Optimizing .*: Details of Vectorization and Metaprogramming

By: Christopher Rackauckas

Re-posted from: http://www.stochasticlifestyle.com/an-in-depth-look-at-vectorization/

For many of us mathematicians, we were taught to use MATLAB, and we were taught to vectorize everything. I mean obviously if we have matrices A, B, and C and want to multiply element-wise (say to solve a reaction-equation at each point in space), then the optimal code is

A.*B.*C

No questions to ask, right? Actually, this code isn’t as optimized as you’d think. Lets dig deeper.

BLAS, Linpack, and MKL

The reason you are always told by “the lords of numerical math” to vectorize your code is because very smart programmers worked really hard on making basic things work well. Most of the “standardized” vectorized computations are calling subroutines from packages known as BLAS and LINPACK. To see what version your MATLAB is using, you can call

version -blas
version -linpack

So every time you call svd, A*B, etc., you are actually calling a highly-optimized state of the art C/Fortran/Assembly code mixture which does all sorts of things to make sure you don’t have cache misses, have the function multi-threaded (i.e. these functions will run parallel on your multi-core machine), and much more!

But A.*B doesn’t do a BLAS call!

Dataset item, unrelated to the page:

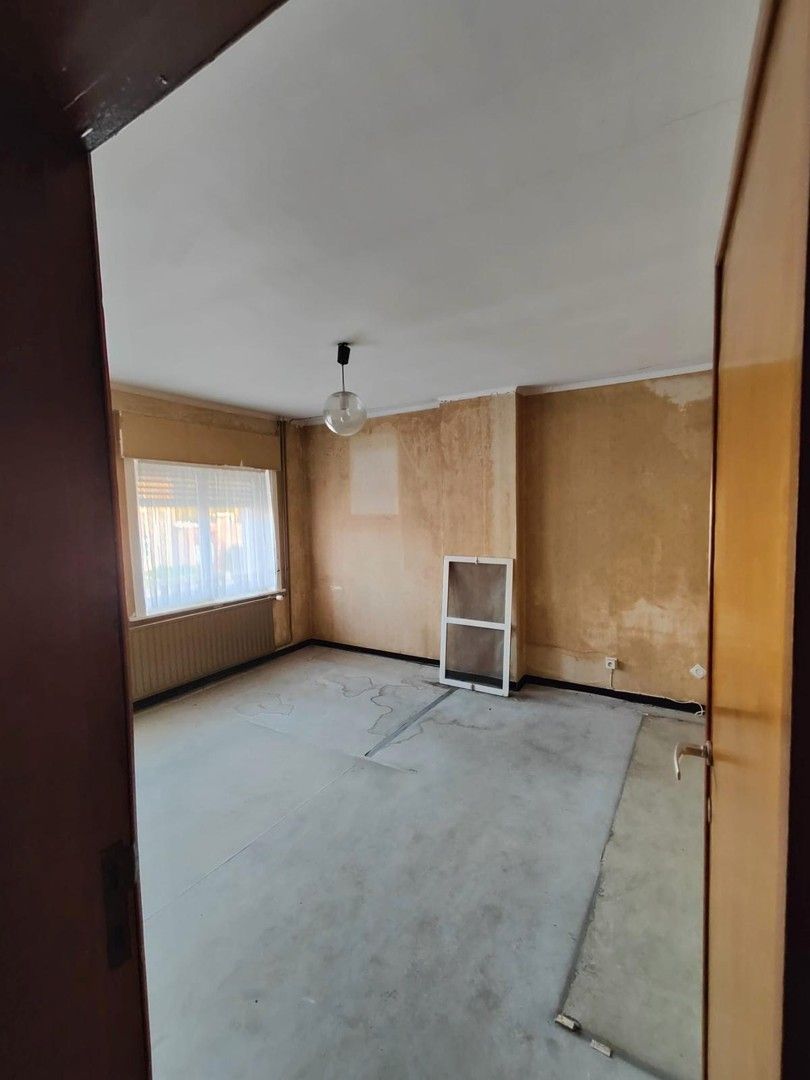 Woning met loods en voormalige showroom foto 7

When you use A.*B in MATLAB, it uses its own C-code to loop through an perform this operation. This causes a few problems. First of all, if you are using co-processors/accelerators such as the Xeon Phi, the option of automatically offloading highly-vectorized problems to a GPU-like device only offloads BLAS/LINPACK calls. Therefore A*B gets accelerated whereas A.*B does not. Another thing is that, as far as I can tell, A.*B does not have all of the processor-specific optimizations to make this operation super fast. This is huge since processor technologies like AVX2 allows specific vector operations to do calls on 8 numbers at a time, making highly-parallel math operations like this get close to an 8x speedup if used correctly (and AVX3 is coming out soon to double that!).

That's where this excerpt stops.